Purpose: To reconstruct the delivered dose distribution in proton therapy from proton beam induced PET signals using deconvolution methods. Methods: Previous verification strategies in proton therapy compared measured PET signals with estimated PET signals created by a convolution of the planned dose distribution with a specific filter function. We now use this filter function to reconstruct the delivered dose distribution from the PET signals by developing suitable de‐convolution methods. Since deconvolution is an ill‐posed inverse problem, regularization is required to obtain a stable solution and to cope with noise found in measured PET signals. The basic filtering approach is developed for homogeneous media and additional procedures are necessary to generalize the PET estimation to inhomogeneous media. We use this generalization formalism in our deconvolution approach to allow a dose reconstruction from measured patient PET data.

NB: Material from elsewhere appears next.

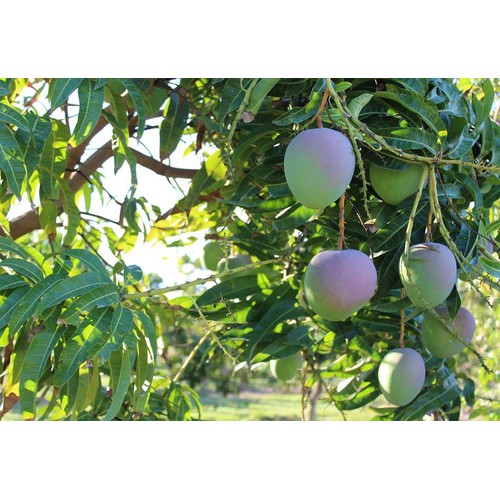 CÂY GIỐNG XOÀI ÚC QUẢ TO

In addition, the PET image formation includes a convolution with a system response function which has to be removed in an additional deconvolution. To evaluate our reconstruction method, we detect the edge of the distal fall‐off region in the reconstructed dose and compare it with its nominal/planned position. Results: Various simulations demonstrate the potential and robustness of the dose reconstruction. The detection of the distal fall‐off region shows an average accuracy of 2 mm even for strongly degraded measured PET signals. In addition, we use the deconvolution approach to successfully reconstruct the dose distribution from measured PET data for a head and neck patient. Conclusions: This work indicates the potential of dose reconstruction in proton therapy from measured PET signals. The proposed method is able to correctly reconstruct a dose distribution and to cope with noise in the PET images. The shape of the reconstructed dose distribution of a head and neck patient is in good agreement with the treatment planning dose.